The algorithm for recording damaged areas looks like this:

• Add the rect to the damaged rect manager:
• For each existing damaged rect:
• Remove the intersection from the incoming rect.
• Add the remaining areas of the damaged rect to the damaged rect array.

The algorithm for determining the layer responsible for redrawing a rect looks like this:

• For each rect in the damaged rect manager:
• For each layer in the layer hierarchy:
• Add the layer/rect intersection tuple to an array.
• Remove the intersection from the damaged rect manager.

There are obvious issues in both of these algorithms. In the first we have to compare every new damaged rect with every existing damaged rect. In the second we have to compare every damaged rect with every layer, which gives us a worst-case complexity of O(n^2).

My solution to both problems was to create a simple quad tree. I’d tried a complex quad tree before but it failed miserably. This time I:

• Stored only rectangles, not rectangles and the layers that they represented;
• Created the entire fixed-depth quad tree immediately, rather than trying dynamically to split and join nodes;
• Reset and re-used quad tree instances instead of creating new trees each time I needed one;
• Treated the quad tree as an immutable structure once it had been built by eliminating methods that would remove rectangles.

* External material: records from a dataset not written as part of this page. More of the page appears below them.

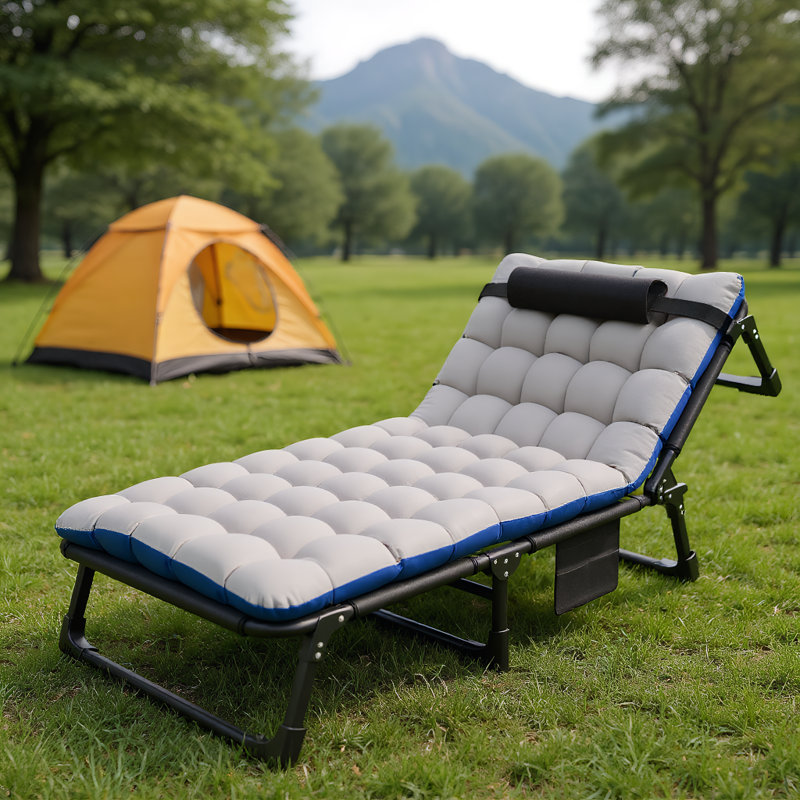 Méridienne de patio de 29 pouces de largeur, réglable à 4 positions avec matelas et oreiller, capacité de 440 lb, Noir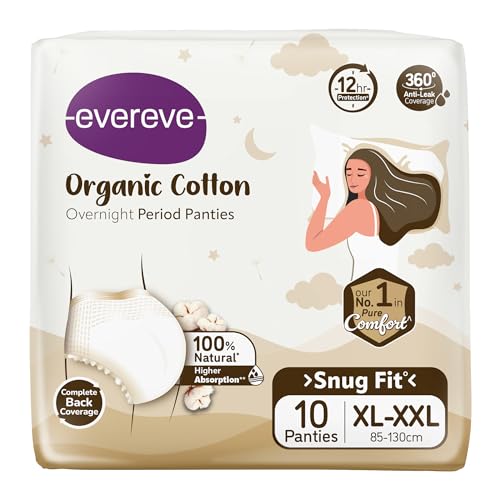 Image of Evereve Organic Cotton Period Panty for Girls & Women, (XL-XXL), 10 Pcs, 360 Degree Overnight Coverage, 100% Natural Comfort, High Absorbency for Heavy Flow, Maternity Postpartum Disposable Panty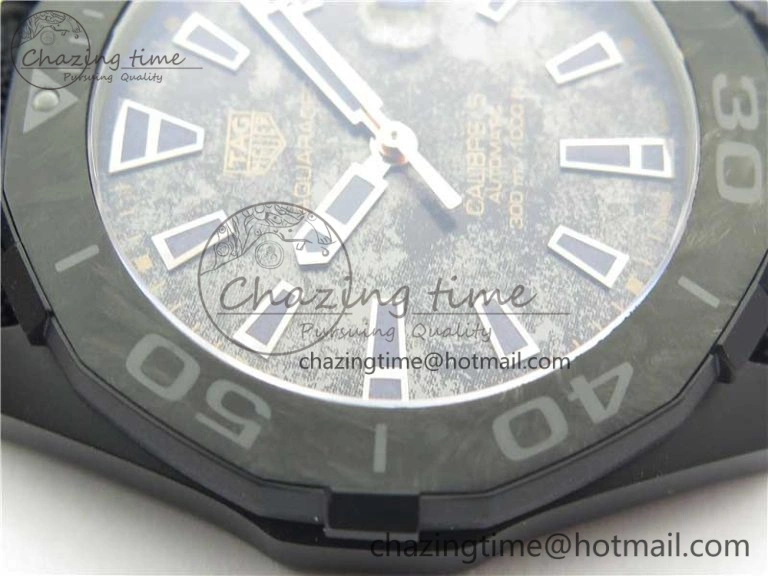 Aquaracer Calibre 5 Gold Carbon TBF 1:1 Best Edition Carbon Dial on Nylon Strap A2824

The time complexity of the two algorithms above is now the worst-case rather than every case. This change, coupled with some other minor optimizations, produced some great results.

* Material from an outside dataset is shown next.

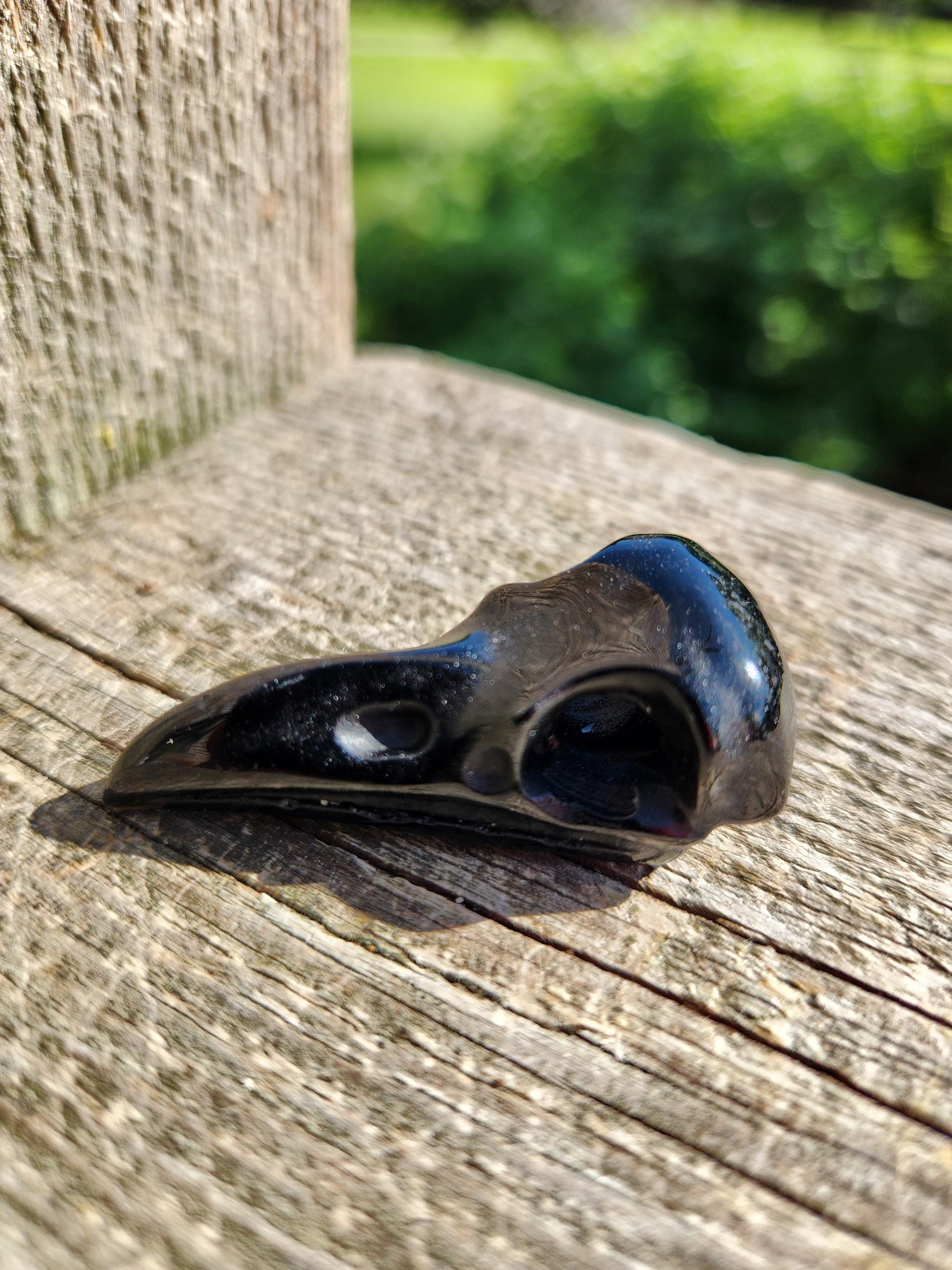 Carved Black Obsidian Raven Skull: Pocket Crystal Carving, One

I put together a test app that has 80 overlapping Hanky Alien bitmaps moving around the screen with a few nested text boxes. Numbers from my Mac suggest that the test app is around 40% faster now.

Some more numbers:

• Ignoring time spent in SDL and during vertical blanks, the test takes up less than half a second of CPU time for every 10 seconds of runtime on my Mac.
• Rendering time for every 10 seconds of runtime is about 30ms on my Mac.
• The PSP can handle moving 68 aliens at a solid 60fps.
• The DS can handle moving 13 aliens at a solid 60fps.